Es folgte daraus jedenfalls ein Kurswechsel. Bereits zu Zeiten der ersten Sperren setzte Nius auf alternative Ausspielwege und kreierte mit “Stimme der Mehrheit” oder “Achtung, Reichelt!” neue Accounts mit den gleichen Nachrichteninhalten. Als Konsequenz aus den niedrigen Aufrufzahlen des Hauptaccounts scheint sich das Nachrichtenportal nun aber vollständig auf Personenmarken zu konzentrieren: Über die Kanäle von Nius-Hosts wie Julius Böhm, Helena Gebhard oder Ralf Schuler werden die gleichen Inhalte wie zuvor auf dem Hauptkonto vertrieben – sogar mit dem offiziellen Markenlogo von Nius. 

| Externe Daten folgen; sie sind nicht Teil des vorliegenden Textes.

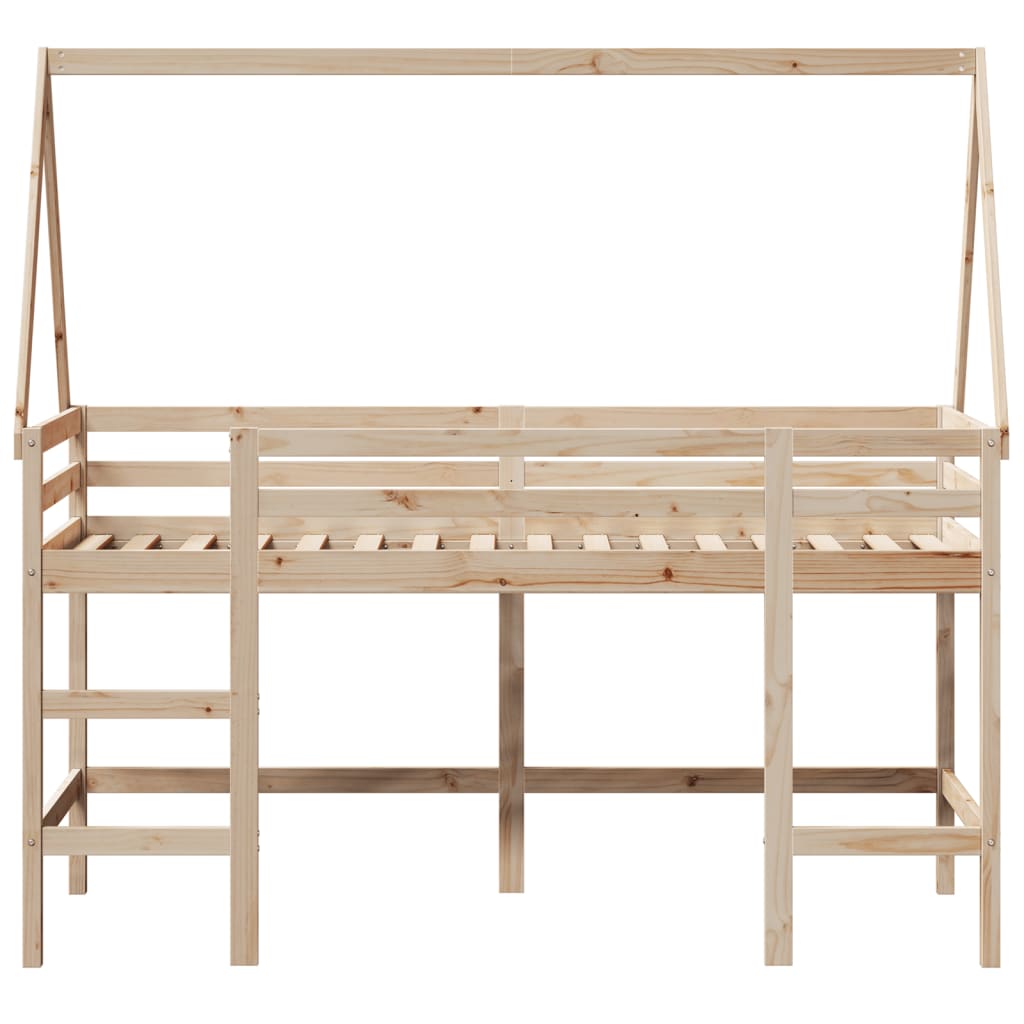 Υπερυψ. Κρεβάτι 90x190 εκ. Μασίφ Πεύκο με Σκάλα / Οροφή - Pakobazaar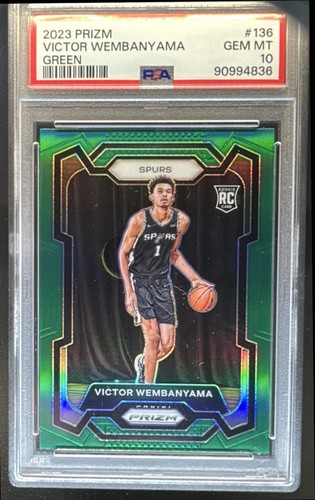 2023-24 Panini Prizm Victor Wembanyama RC Prizm Green Rookie #136 Spurs PSA 10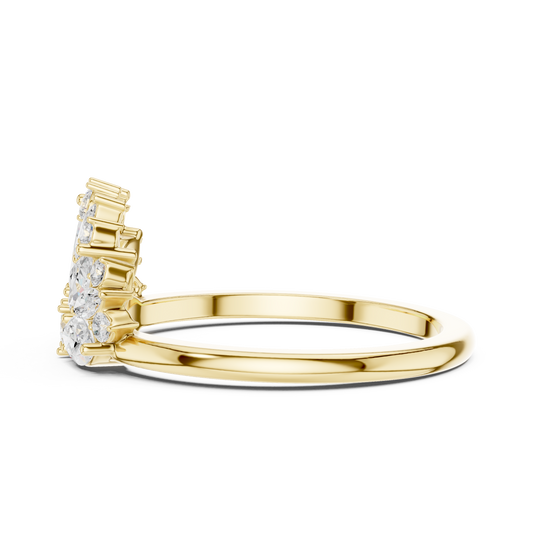 Marquise Moissanite Diamond Floral Cluster Cocktail Ring - View 2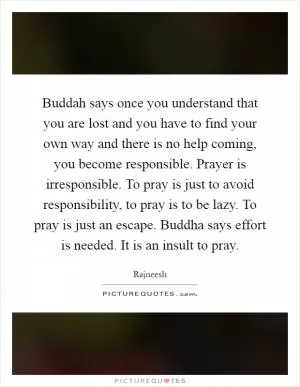 Buddah says once you understand that you are lost and you have to find your own way and there is no help coming, you become responsible. Prayer is irresponsible. To pray is just to avoid responsibility, to pray is to be lazy. To pray is just an escape. Buddha says effort is needed. It is an insult to pray Picture Quote #1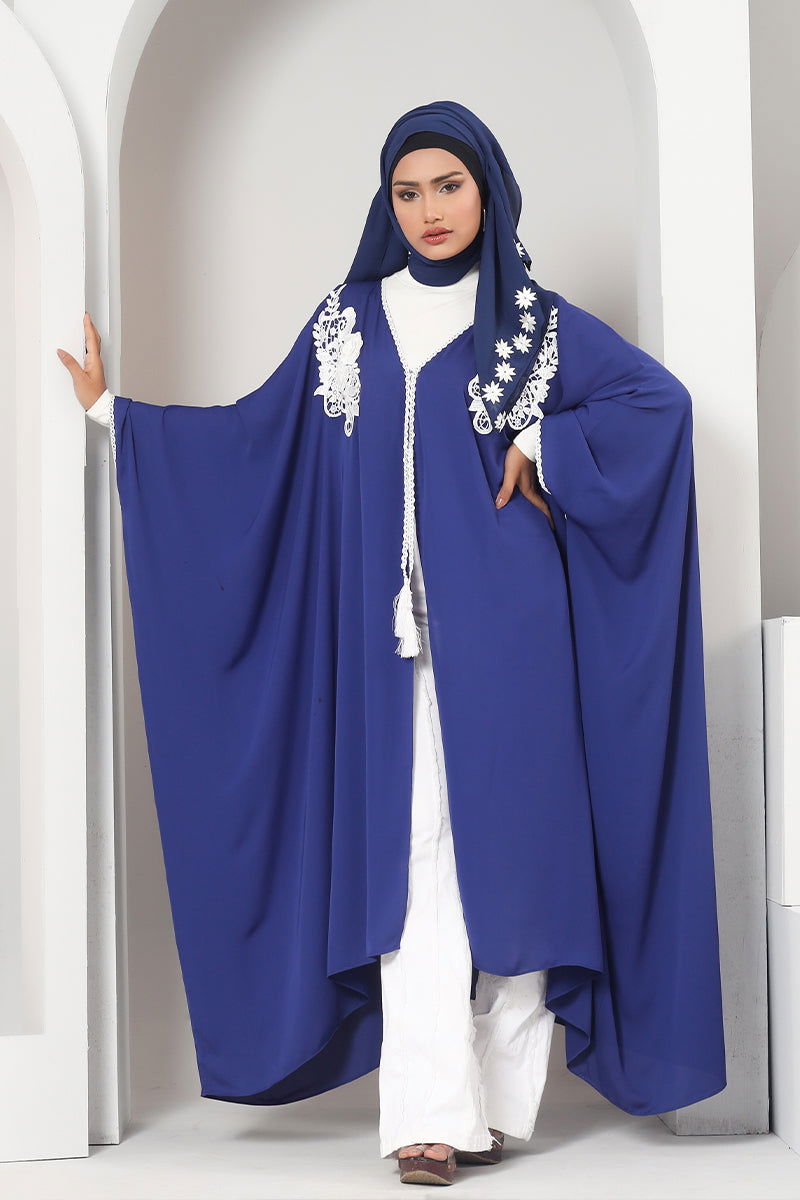 Hiba Royel Blue Cherry Georgette Abaya Women 1122 000061 - showstopperbd.com
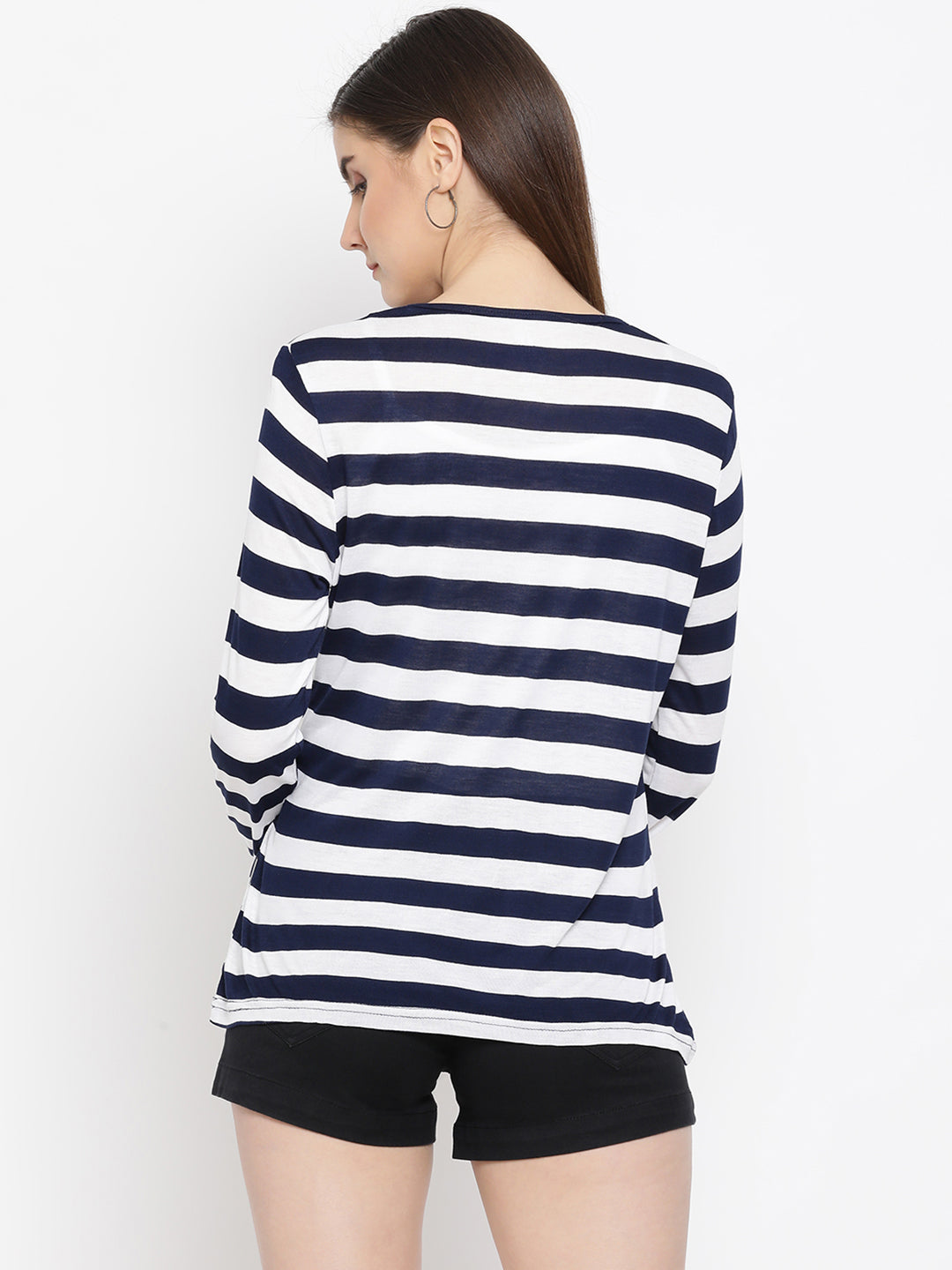 White Striped Round Neck T-Shirt - Women T-Shirts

Nius / TikTok © Nius / TikTok

Die Strategie zahlt sich augenscheinlich aus: Im Vergleich zu der bisherigen Performance können die zusätzlichen Profile und Inhalte tatsächlich punkten. Das zeigt sich sowohl an der Bekanntheit (mit mehr als 202.000 Abonnements auf dem erfolgreichsten Personenkanal) als auch in der Videoreichweite (mit zahlreichen, wiederkehrenden Inhalten in Millionenhöhe). Kein anderes deutsches Medium arbeitet in dieser Weise - und so erfolgreich - mit “Privataccounts”. 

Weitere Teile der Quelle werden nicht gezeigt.